Elliott Tepperman, a Bridgewater resident and rabbi acting as spokesman for Jewish Voice for Peace, wrote on the group's website: "Our religious community has living memory of being mistreated for our differences, and we believe that we have an obligation to speak out against such mistreatment of others. . . . The verse most often repeated in Torah is 'Love the stranger, for you were strangers in the land of Egypt.'"

Stephen Eisdorfer, a lawyer representing neighborhood homeowners, specializes in land use issues. He said Bridgewater operated correctly on new legislation passed by Gov. Chris Christie, which takes effect May 5 and prohibits changes to zoning ordinances if they affect previously submitted applications. Eisdorfer has represented houses of worship including Hindu and Buddhist temples, synagogues, and Baptist churches. "The issues are always the same: noise, visual impact, and traffic," said Eisdorfer. "Everybody wants to go to church, but nobody wants it next door."

James Yee, Executive Director of the New Jersey Council on American-Islamic Relations (CAIR), questioned the timing of the council's passing a new ordinance. "Basically, what [the town council] did would be illegal soon," said Yee. He said he sensed animosity toward Muslims when an estimated 700 residents showed up for the town council vote.

But Jim Lefkowitz, founder of the Somerset County Tea Party, believes there are good reasons to question the motives of CAIR and Al Falah.
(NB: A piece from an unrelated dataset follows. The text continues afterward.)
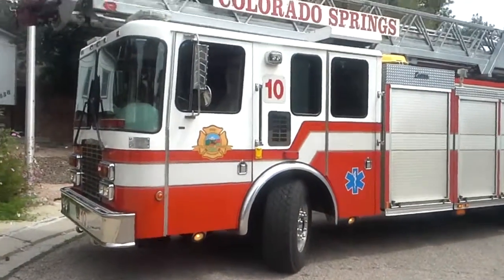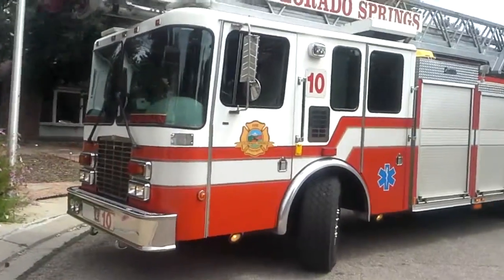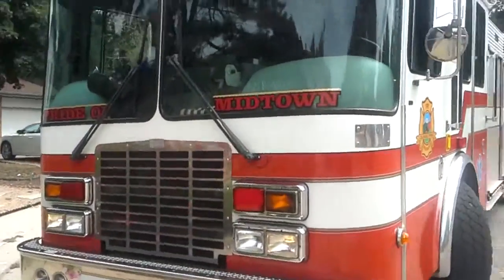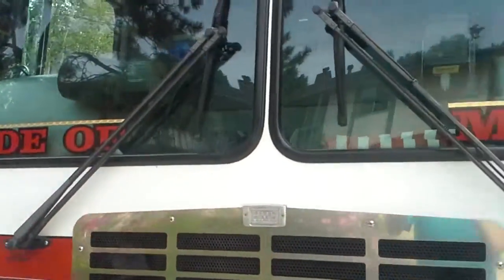This is the Colorado Springs Fire Department Truck 10 on scene of a lift assist run on the side of Midtown.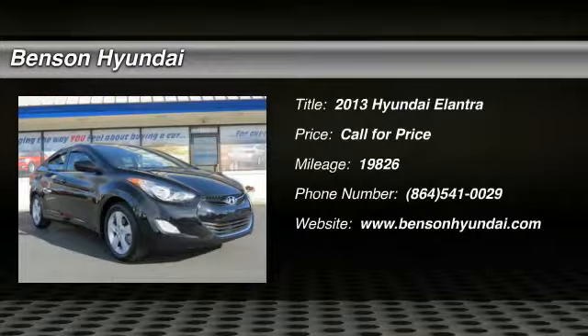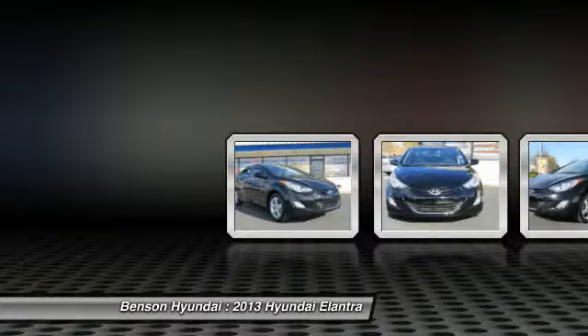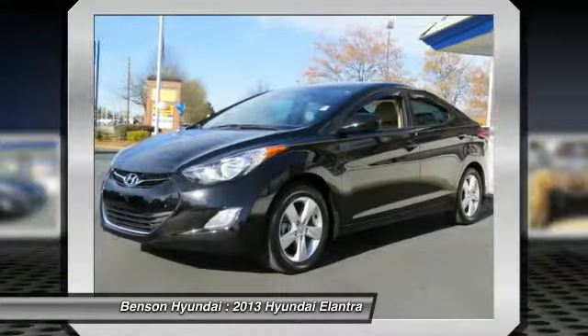The 2013 Elantra. The Elantra boasts the most interior room in its class and gets an exceptional 35 miles per gallon. With its luxurious standard features, the Elantra is an easy choice.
In 1997, CAIR was named an unindicted co-conspirator when the Holy Land Foundation was convicted of supporting Hamas and other terrorist organizations with $12 million.

"Build as many mosques as you want, but I'm going to ask questions and not apologize," said Lefkowitz. He said terrorists had affiliations with mosques in New York, and he and others want to know more about Al Falah's funding sources: "Where is the money coming from?"

The Chughtai Foundation, with assets totaling $1.5 million as of its 2009 IRS form 990 filing, is contract owner of the property. Pat Kelly, Sales Associate with Re/Max Realty, who represents the property owner, says the closing of the sale depends upon approval from the township. If it closes, the foundation will essentially donate the property to Al Falah. Meanwhile, deposit for the transaction is held in escrow. Kelly would not comment on the negotiated price, but the property is listed at $2.4 million.

The foundation shares a post office box in the next town with Equity Packaging Inc. Zahid Chughatta, a native of India who also uses Chughtai as a last name, is the foundation's president and earned his master's in industrial engineering at Rutgers University. In 1991 Chughatta founded Equity Packaging, which specializes in packaging for pharmaceuticals, food, and medical devices. Its website says it operates internationally in Europe, Asia, and South America.

Chughatta, a board member of Al Falah, is also No. 1,614 on a petition for Sami Al-Arian's release. Al-Arian is a Palestinian born in Kuwait and former Florida professor who pleaded guilty and was convicted in federal court of conspiring with the Palestine Islamic Jihad, which has supported suicide bombers in Israel. Chughatta's foundation has donated over $20,000 to CAIR. Chughatta did not return requests for comment on this story.

Al Falah is suing Bridgewater township, Norgalis, the mayor, every member of the town council, and the planning board. The lawsuit names 10 counts under the federal Religious Land Use and Institutionalized Persons Act (RLUIPA). In the filing, defense lawyers allege the township has "deprived Plantiffs of their right of free exercise of religion, discriminating against them on the basis of religion." They also claim $200,000 has been spent planning for the Al Falah mosque. Court documents show Al Falah is also supported by the mega law firm Arnold & Porter, the left-leaning Brennan Center for Justice, and the Asian-American Legal Defense Fund.